Your answer too is not fully correct. Voltage is a difference of potential created within the supply, and the supply does regulate the voltage since it is a step-down transformer. By this nature, it takes a given input voltage and regulates the voltage from the given input stepped down to the correct output voltage. Although voltage must be correct, so must amperage (the flow of current) within reason, as if more amperage is output by the charger then a serious over current condition occurs which has to be shunted off somehow, in either the form of heat, reflected power resulting in heat, or a short to some other component in the system.
 

iThinkergoiMac

macrumors 68030
Jan 20, 2010
2,664
4
Terra
Your answer too is not fully correct. Voltage is a difference of potential created within the supply, and the supply does regulate the voltage since it is a step-down transformer. By this nature, it takes a given input voltage and regulates the voltage from the given input stepped down to the correct output voltage. Although voltage must be correct, so must amperage (the flow of current) within reason, as if more amperage is output by the charger then a serious over current condition occurs which has to be shunted off somehow, in either the form of heat, reflected power resulting in heat, or a short to some other component in the system.
I see my days of working at RadioShack have not made me a master of the knowledge of electricity (no surprise there). Thanks! :)
 

Silvrbill

macrumors member
Dec 20, 2013
52
2
Your answer too is not fully correct. Voltage is a difference of potential created within the supply, and the supply does regulate the voltage since it is a step-down transformer. By this nature, it takes a given input voltage and regulates the voltage from the given input stepped down to the correct output voltage. Although voltage must be correct, so must amperage (the flow of current) within reason, as if more amperage is output by the charger then a serious over current condition occurs which has to be shunted off somehow, in either the form of heat, reflected power resulting in heat, or a short to some other component in the system.
The voltage does not need to be spot on. The charger will work correctly within a given range, it doesn't need exactly 120v or 230v. Anywhere in-between will be just fine. As far as amperage (current) goes the charger will not put out any more current than the device draws from it. Without a load there is no current. Current does not flow through the charger at will, it must be "drawn" from it for a specific purpose. There is no threat of over current to the device from using too small or too large of a charger. The charger will ONLY produce what it's capable of, no more. The threat of using too small of a charger is that the device may want more current that the charger can supply. Then you have a case of the charger becoming hot and possibly starting a fire.
 

TheIguana

macrumors 6502a
Sep 26, 2004
656
389
Canada
Then your BF was using an underpowered power brick.

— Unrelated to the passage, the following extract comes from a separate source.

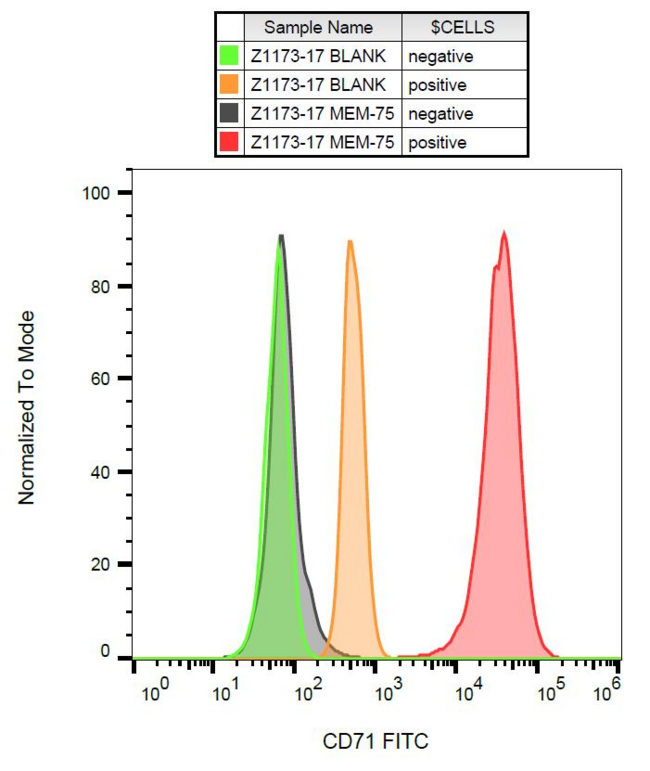 CD71 / Transferrin Receptor Antibody - Surface staining of CD71 in K562 cells (positive) and lymfocytes (negative) using anti-CD71 (MEM-75) FITC.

15 and 17" MBPs have always used 85W bricks.
Nope, there was one model the 2009 mid MacBook Pro (15-inch, 2.53GHz, Mid 2009) that shipped with a 60 watt adapter. It only had integrated graphics in the form of an Nvidia 9400m, which is part of the reason it didn't need the beefier 85 watt charger. Apple has got a great support doc on all the models and what the minimum charger they need are: http://support.apple.com/en-ca/HT2346

Getting back to the OPs original question: it is safe to use the 85 watt adapter with either of your Macs. If the Mac only needs 60 watts of power it will reduce the output to meet the computers needs. If it needs 85 watts then it will provide it.

In my case we have a mixture of 13" and 15" MBP in our house and I have almost exclusively gone with 85 watt MagSafes to simplify things as there is no question of whether the adapter will be able to provide enough power.